"Bitte berühren!" im Diözesanmusuem bis 1. Oktober verlängert
Böse Zungen behaupteten, diese Ausstellung sei ein Lückenbüßer: "Bitte berühren!" im Diözesanmuseum Paderborn sollte nach neun Tagen am 17. September 2023 enden. Doch nun wird die Präsenz agiler Bewegungsskulpturen zwischen gewichtigen Kirchenschätzen bis Anfang Oktober verlängert. Grund: Das "große Interesse der Besucherinnen und Besucher", so das Museum.
In der Tat strömte vor allem junges Publikum in unerwartet hoher Zahl ins Museum. Sonst grüßt die ergraute Einlaßdame Besucher im Rentenalter. Vom Lückenfüller zum Verbindungsschaffer? Ja, die Kunst Manfred Webels ist Kunstvermittlung. Geht aber darüberhinaus.
Rückblende. Paderborn, bevor die Bomber kamen. Mittelalterlicher Stadtplan, der Dom umbaut, mehrstöckige Häuser versperren die Sicht, der Blick geht, wie im gotischen Dom, nach oben, gen Himmel. Dann weitet sich die enge Gasse, gibt jäh den Blick frei auf das Haus Gottes. Der Hohe Dom zu Paderborn taucht nicht allmählich auf. Er ist da. Plötzlich. Eine architektonische Epiphanie.

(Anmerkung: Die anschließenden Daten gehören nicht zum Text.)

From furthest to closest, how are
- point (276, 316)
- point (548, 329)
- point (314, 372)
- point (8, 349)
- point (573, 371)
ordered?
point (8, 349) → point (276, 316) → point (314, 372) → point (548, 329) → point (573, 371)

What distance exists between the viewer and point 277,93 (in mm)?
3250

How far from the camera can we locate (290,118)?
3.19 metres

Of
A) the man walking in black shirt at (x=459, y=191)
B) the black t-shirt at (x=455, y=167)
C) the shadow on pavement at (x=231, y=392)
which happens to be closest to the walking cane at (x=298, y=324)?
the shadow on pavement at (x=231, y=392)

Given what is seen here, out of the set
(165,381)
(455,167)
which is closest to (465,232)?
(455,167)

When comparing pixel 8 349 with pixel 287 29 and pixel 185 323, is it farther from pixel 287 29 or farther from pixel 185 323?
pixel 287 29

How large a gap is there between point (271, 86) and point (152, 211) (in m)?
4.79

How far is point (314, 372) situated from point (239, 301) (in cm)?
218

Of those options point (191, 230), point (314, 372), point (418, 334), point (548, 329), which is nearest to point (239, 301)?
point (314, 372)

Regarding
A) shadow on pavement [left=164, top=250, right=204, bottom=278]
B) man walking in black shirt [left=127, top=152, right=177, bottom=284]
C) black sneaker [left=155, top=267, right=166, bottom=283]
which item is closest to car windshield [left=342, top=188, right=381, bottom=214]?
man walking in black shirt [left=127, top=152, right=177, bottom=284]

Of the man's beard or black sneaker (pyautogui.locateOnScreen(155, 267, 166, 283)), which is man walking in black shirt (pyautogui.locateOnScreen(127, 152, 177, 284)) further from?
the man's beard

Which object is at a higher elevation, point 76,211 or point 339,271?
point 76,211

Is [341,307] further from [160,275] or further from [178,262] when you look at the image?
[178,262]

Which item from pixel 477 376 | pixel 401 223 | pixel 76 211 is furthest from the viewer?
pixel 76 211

Mit Nischen und Kapellen bieten gotische Gemäuer das Erlebnis der Epiphanie auch im Innern: Der Blick nach oben, im Vorbeigehen die plötzliche Entdeckung; eine Nische im Augenwinkel. Hypnotiseure nutzen den Effekt: Der Augenaufschlag versetzt in leichte Trance, jenen Zustand, der Erleuchtung und Kreativität zugrunde liegt, Grundlage tiefer Erkenntnis.

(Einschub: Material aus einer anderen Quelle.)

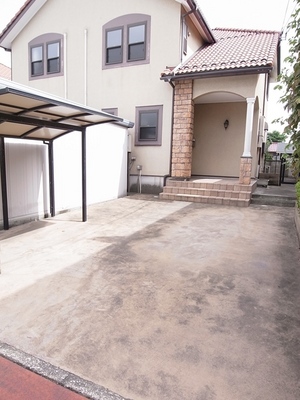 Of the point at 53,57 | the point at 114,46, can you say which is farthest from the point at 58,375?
the point at 53,57

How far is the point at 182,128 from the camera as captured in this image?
925 centimetres

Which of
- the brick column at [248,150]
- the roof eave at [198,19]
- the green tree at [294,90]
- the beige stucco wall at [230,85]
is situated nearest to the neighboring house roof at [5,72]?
the roof eave at [198,19]

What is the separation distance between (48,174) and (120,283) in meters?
3.98

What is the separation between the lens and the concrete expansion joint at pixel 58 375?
63.6 inches

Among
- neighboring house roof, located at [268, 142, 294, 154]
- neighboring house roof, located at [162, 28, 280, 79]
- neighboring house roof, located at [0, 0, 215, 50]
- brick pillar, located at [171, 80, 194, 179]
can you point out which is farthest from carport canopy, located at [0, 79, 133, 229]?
neighboring house roof, located at [0, 0, 215, 50]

Seit der Karolinger-Ausstellung Ende der 90er spielt das Paderborner Diözesanmuseum in der Oberliga. Sein Architekt, der Kölner Kirchenbaumeister Gottfried Böhm, baute das Innere vertikal, führte den Blick nach oben. Dem Besucher offenbaren sich auf acht Ebenen die Nischen epiphanischen Erlebens.
Diese Bewegung aufnehmend, platziert der Paderborner Künstler Manfred Webel (der erstmals in seiner Heimatstadt ausstellt) vielfältige Bewegungsskulpturen auf allen Ebenen: in Ecken und Nischen; in Durchbrüchen; an Durch- und Aufgängen. Pötzliche Entdeckungen, die uns im Zustand leichter Trance zu kreativer Weiterführung des Gebotenen verführen: Bewegungsskulpturen auf Untergründen aus Rasen, Holz oder Tuch, auf "Arenen", kurz: auf Urgründen freien Spiels.

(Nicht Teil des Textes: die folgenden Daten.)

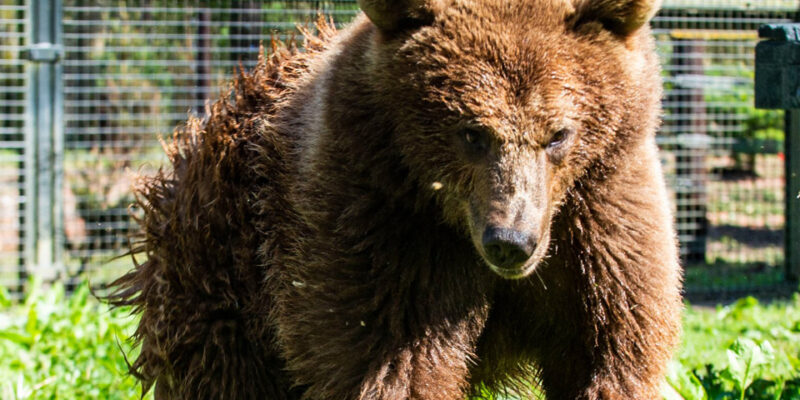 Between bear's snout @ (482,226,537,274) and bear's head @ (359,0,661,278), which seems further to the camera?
bear's head @ (359,0,661,278)

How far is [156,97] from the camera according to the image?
28.0 feet

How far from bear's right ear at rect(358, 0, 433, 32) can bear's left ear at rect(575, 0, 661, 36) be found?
1.74ft

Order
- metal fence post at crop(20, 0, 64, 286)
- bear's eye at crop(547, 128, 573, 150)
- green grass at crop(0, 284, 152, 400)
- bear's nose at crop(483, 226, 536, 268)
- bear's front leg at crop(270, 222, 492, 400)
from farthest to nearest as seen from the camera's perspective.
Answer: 1. metal fence post at crop(20, 0, 64, 286)
2. green grass at crop(0, 284, 152, 400)
3. bear's front leg at crop(270, 222, 492, 400)
4. bear's eye at crop(547, 128, 573, 150)
5. bear's nose at crop(483, 226, 536, 268)

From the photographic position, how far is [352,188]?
333 cm

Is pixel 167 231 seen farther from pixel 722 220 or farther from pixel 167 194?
pixel 722 220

Die Bezüge zu etablierten Ausstellungsobjekten - solide Goldtruhen, silbergefasste Weihrauchbehälter, edelsteinbesetzte Kelche, mächtige Monstranzen -, diese Bezüge wurden vom Künstler nicht konstruiert, eher induziert, wie der Hypnoseur den Probanden nach unwillkürlichem Augenaufschlag gestattet, sich von etwas Neuem verführen zu lassen.
Die bösen Zungen, verstummt. Die Austellung "Bitte berühren, Paderborn!" hat sich als Verbindungsmotor erwiesen. Läuft bis 1. Oktober im Paderborner Diözesanmuseum.